自定义弱类型
package com.chen.sparksql.func
import org.apache.spark.sql.expressions.{MutableAggregationBuffer, UserDefinedAggregateFunction}
import org.apache.spark.sql.types.{DataType, DoubleType, LongType, StructField, StructType}
import org.apache.spark.sql.{DataFrame, Row, SparkSession}
object UDAFDemo {
def main(args: Array[String]): Unit = {
val spark: SparkSession = SparkSession.builder().appName("UDAFDemo").master("local[2]").getOrCreate()
val df: DataFrame = spark.read.json("d:/user.json")
df.createOrReplaceTempView("user")
spark.udf.register("mySum",new MySum)
spark.udf.register("myAvg",new MyAvg)
spark.sql("select mySum(salary),myAvg(salary) from user").show
spark.close()
}
}
class MySum extends UserDefinedAggregateFunction {
override def inputSchema: StructType = StructType(StructField("ele", DoubleType) :: Nil)
override def bufferSchema: StructType = StructType(StructField("sum", DoubleType) :: Nil)

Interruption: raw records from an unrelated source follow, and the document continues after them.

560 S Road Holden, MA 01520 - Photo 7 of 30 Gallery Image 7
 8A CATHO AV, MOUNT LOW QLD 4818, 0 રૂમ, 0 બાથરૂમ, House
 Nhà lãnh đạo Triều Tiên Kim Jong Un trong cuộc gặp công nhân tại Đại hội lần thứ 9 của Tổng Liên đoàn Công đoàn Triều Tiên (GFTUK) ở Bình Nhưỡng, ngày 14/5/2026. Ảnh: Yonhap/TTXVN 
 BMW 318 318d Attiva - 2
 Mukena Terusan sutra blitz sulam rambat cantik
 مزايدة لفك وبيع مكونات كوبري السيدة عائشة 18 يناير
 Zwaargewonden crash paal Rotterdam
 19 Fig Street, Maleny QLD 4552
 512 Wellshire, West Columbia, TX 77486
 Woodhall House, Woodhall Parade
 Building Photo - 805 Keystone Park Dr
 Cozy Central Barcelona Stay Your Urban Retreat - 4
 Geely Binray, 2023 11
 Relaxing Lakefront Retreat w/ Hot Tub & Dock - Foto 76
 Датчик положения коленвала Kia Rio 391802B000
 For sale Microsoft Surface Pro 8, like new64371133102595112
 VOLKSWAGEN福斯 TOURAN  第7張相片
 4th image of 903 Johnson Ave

override def dataType: DataType = DoubleType
override def deterministic: Boolean = true
override def initialize(buffer: MutableAggregationBuffer): Unit = {
buffer(0) = 0D
}
override def update(buffer: MutableAggregationBuffer, input: Row): Unit = {
if (!input.isNullAt(0)) {
val v: Double = input.getAs[Double](0)
buffer(0) = buffer.getDouble(0) + v
}
}
override def merge(buffer1: MutableAggregationBuffer, buffer2: Row): Unit = {
buffer1(0) = buffer1.getDouble(0) + buffer2.getDouble(0)
}
override def evaluate(buffer: Row): Any = buffer(0)
}
class MyAvg extends UserDefinedAggregateFunction {
override def inputSchema: StructType = StructType(StructField("ele", DoubleType) :: Nil)
override def bufferSchema: StructType = StructType(StructField("sum", DoubleType) :: StructField("count", LongType)::Nil)
override def dataType: DataType = DoubleType
override def deterministic: Boolean = true
override def initialize(buffer: MutableAggregationBuffer): Unit = {
buffer(0) = 0D
buffer(1) = 0L
}
override def update(buffer: MutableAggregationBuffer, input: Row): Unit = {
if (!input.isNullAt(0)) {
val v: Double = input.getAs[Double](0)
buffer(0) = buffer.getDouble(0) + v
buffer(1) = buffer.getLong(1) + 1L
}
}
override def merge(buffer1: MutableAggregationBuffer, buffer2: Row): Unit = {
buffer1(0) = buffer1.getDouble(0) + buffer2.getDouble(0)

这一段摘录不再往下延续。